The Rittenhouse Review

A Philadelphia Journal of Politics, Finance, Ethics, and Culture


Wednesday, September 01, 2004  

POLITICAL NOTES
Together With Media Miscellany
September 1, 2004

Poster Child
Actress and conservative Republican Angie Harmon (“Law & Order,” “Baywatch”) addressed the party’s national convention in New York this week and attended a gathering to promote the “Rock the Vote” campaign. It turns out Harmon is the type of perpetual non-voter the activist group has been targeting for years. The New York Post reports: “. . . Harmon sheepishly admitted to partygoers at French Connection’s SoHo store, ‘I’m 32-years-old, and I have to register to vote when I get back to Texas.’” She’d better get her act together quickly if she plans to vote for President Hasselhoff; Harmon, according to the Post has just 30 days to register in Texas.

Wanted Poster
Odd, isn’t it, how über-neocon Richard N. Perle’s name keeps turning up in the most ethically compromised and suspicious of circumstances? The New York Times today reports (“Hollinger’s Board: Most Irresponsible Ever?” by Floyd Norris):

A special report of a committee of [the] board [of Hollinger International] . . . released yesterday, harshly criticizes some [Hollinger] directors but essentially clears others, saying they were entitled to assume that others were paying attention to what was going on.

The Hollinger board was studded with political heavyweights chosen by Lord [Conrad] Black, a Canadian who became a British peer after Hollinger took control of the Telegraph newspapers in London.

Among them were Henry A. Kissinger, the former secretary of state, and Richard N. Perle, who was assistant secretary of defense under President Ronald Reagan and is the former chairman of a Pentagon advisory board. […]

The report lets most of the directors off with little more than a mild rebuke for not having shown much curiosity in how the business was run. The members of the audit committee during the years when Lord Black was taking out hundreds of millions of dollars in cash draw harsher criticism for their passiveness, but the director who is excoriated in the strongest terms is Mr. Perle. [Emphasis added.]

His many and varied roles at Hollinger seem to have aroused questions even from Lord Black -- a man who knew conflicts of interest if anyone did. In one case, Lord Black is said to have sent a letter to Mr. Perle, questioning the conflicts. There is no record of whether Mr. Perle answered the letter, the report says, and nothing seems to have been done about the issue.

Mr. Perle was chairman of Hollinger’s Internet investing subsidiary, which lost lots of money. But he and other insiders had an unusual deal that gave them a share of profits from good investments without requiring those amounts to be offset by losses from bad investments.

Mr. Perle collected $3.1 million through that deal -- payments that the committee said were not fully disclosed to shareholders, as they should have been. By the committee’s account, Mr. Perle was responsible for $63.6 million in Hollinger investments, on which the company lost a net $49 million. […]

Mr. Perle was one of three members of Hollinger’s executive committee, and the closest thing to an outsider on that committee.
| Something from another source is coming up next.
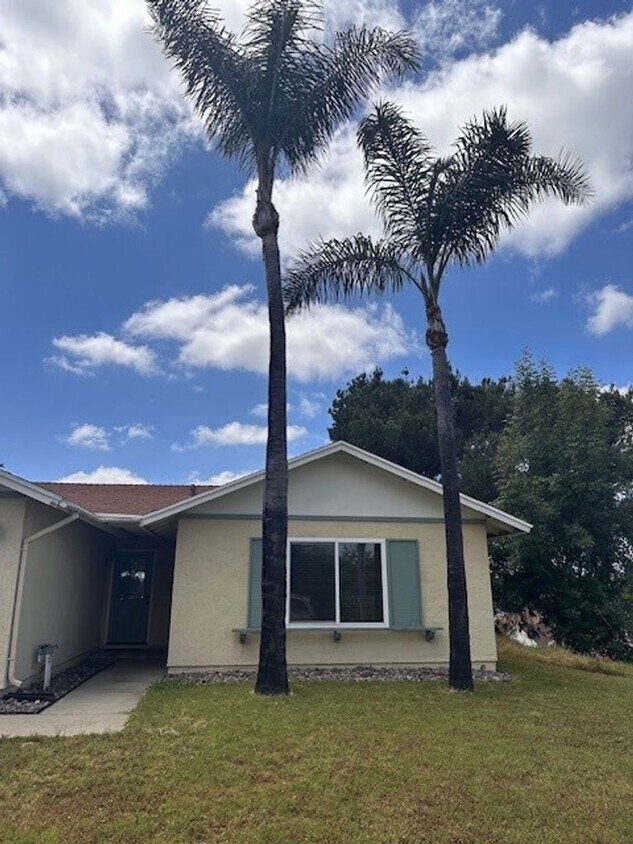 Primary Photo - LARGE CORNER LOT! 4bd/2ba home in Spring V...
The other two members were Lord Black and F. David Radler, Hollinger’s chief operating officer at the time.

“Perle’s own description of his performance on the executive committee was stunning,” the report states. For example, he said the committee never met but that from time to time he would get a package of documents to sign. He also said he never discussed the documents with the other committee members and often did not bother to read them before signing. [Emphasis added.]

“It is difficult to imagine a more flagrant abdication of duty than a director rubber-stamping transactions that directly benefit a controlling shareholder without any thought, comprehension or analysis,” the committee report says. “In fact, many of the consents that Perle signed as an executive committee member approved related-party transactions that unfairly benefited Black and Radler, and cost Hollinger millions.”

Why the eerie ring of familiarity to all that?

Oh, I remember now, nearly 1,000 Americans killed in Iraq.

[Note: Additional items may be posted to “Political Notes” after initial publication but only on the day of publication, excluding post-publication addenda. Such items, when posted, are designated by an asterisk.]